On my long-run days, or even when I’m going for a quick three miles, I get bored pretty quickly. I’ve tried to run with other people, but as my days of cross country have shown, I usually talk so much I get out of breath and have to stop and walk. Music works for a bit, but I just end up tuning it out after a while.
For this reason, I’ve decided to put together a compilation of what I do to keep myself occupied while I’m out and about for an hour and a half. So basically, I’ve provided my internal monologue running from 75th street to Shawnee Mission Parkway and back. You’re welcome.
This is usually when I set my pace and just get comfortable. I shake my arms and legs out and jog a little faster than I normally would–mainly to prevent myself from freezing to death. I’ve gotten into the horrible habit of wearing my “lucky” running tights, which are like two sizes too big. I spend the solid first nine minutes of my run tugging them up, which is extremely annoying, but it beats thinking of what’s to come.
Now that I’m in my actual pace, I’ve slowed down substantially. Bicyclists are passing me. Moms with jog strollers are passing me, Old ladies are passing me. I’ll just kind of give them a sheepish smile and keep on going. They’re probably only going like two and a half miles. I’m running seven. I’m still pretty fresh into my run, so this is the part where I’ll try something stupid, like going way out of my route just to jog past a place I know has reflective windows to check myself out. I’ll regret that later.

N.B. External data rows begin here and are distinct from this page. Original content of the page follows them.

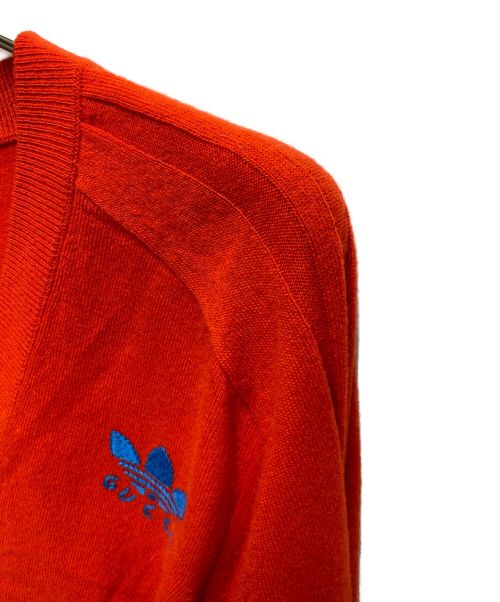 GUCCI（グッチ）GUCCI (グッチ) adidas (アディダス) GGソフトウールカーディガン レッド サイズ:XXSの古着・服飾アイテム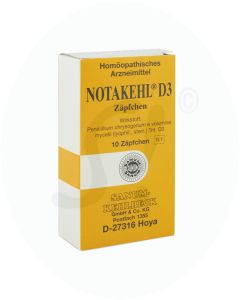 Sanum Kehlbeck Notakehl D 3 Suppositorium (Zäpfchen)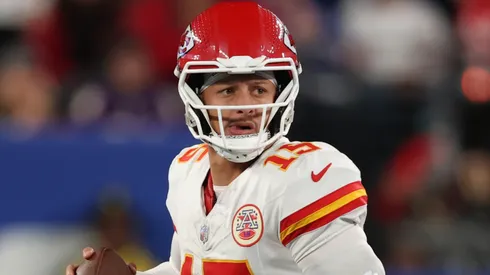 Patrick Mahomes #15 of the Kansas City Chiefs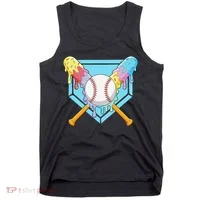 Cool Sport Baseball Home Plate Drip With Sprinkles Drip Tank Top thumb 0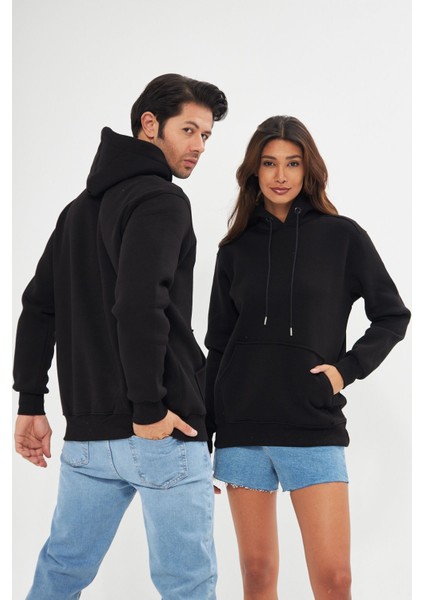 Unisex Oversize Kanguru Cepli Sweatshirt fırsatları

I’ve just passed Indian Hills Middle School. I’m instantly plagued with memories from eighth grade, every single bad choice I made in that building comes flooding back to me. I speed up to make myself aware of how much pain I’m in, so I can focus on that instead. There’s an old guy walking really slowly in front of me. I’m too awkward to say anything, so I just kind of hope he’ll hear my footsteps and move out of my way. He doesn’t. When I pass him, he jumps in surprise and nearly falls into the street. I spend the rest of the third mile feeling awful about scaring that poor old man.
I spend this mile celebrating, because it’s basically me reaching the halfway point in my seven-mile run. I pass by several of my friends’ houses, and on a whim, contemplate ding-dong-ditching them. Then, I remember that it’s seven in the morning and decide to stop procrastinating the next three miles and just get on with it.
I wipe my nose with my sleeve. It comes away bloody. I really hate blood. Oh my gosh, I’m going to die. Where am I? Oh dear, I don’t know where I am. They’re going to find my body five years and think, oh, she died from a nosebleed. What an anticlimactic way to go. I probably look like a zombie right now, what if people see me? If this was my actual marathon, I’d have a whole 21 more to go. Why am I still running?
After the blood eventually stops, I’m filled with this sense of peace and joy. First, I didn’t just bleed to death, and second, I’m a solid twenty minutes away from the end of my run. I’m already thinking of the inspirational text post I’m going to put on my Tumblr. It doesn’t even bother me when people pass me anymore. I just ran six miles and I’m still going. How do you like that? I may or may not go out of my route yet again to check out my legs in the reflective windows in the village.
I’m completely numb. I can barely feel my legs moving underneath me, but the only thing I can do is smile. I’m thinking of my dad’s face when I come in an hour and a half later with part of my face caked in blood, and tell him I ran seven miles. Christmas music blasting in my earbuds, I round the last stoplight and sprint to my house. When I stagger inside, my mom is in front of me in an instant.
“How many did you go, sweetie?” she asks me. I hold up seven fingers, and she gasps and embraces me.
I spent the rest of the day laying in bed and eating ice cream. The smile doesn’t leave my lips once. I love running.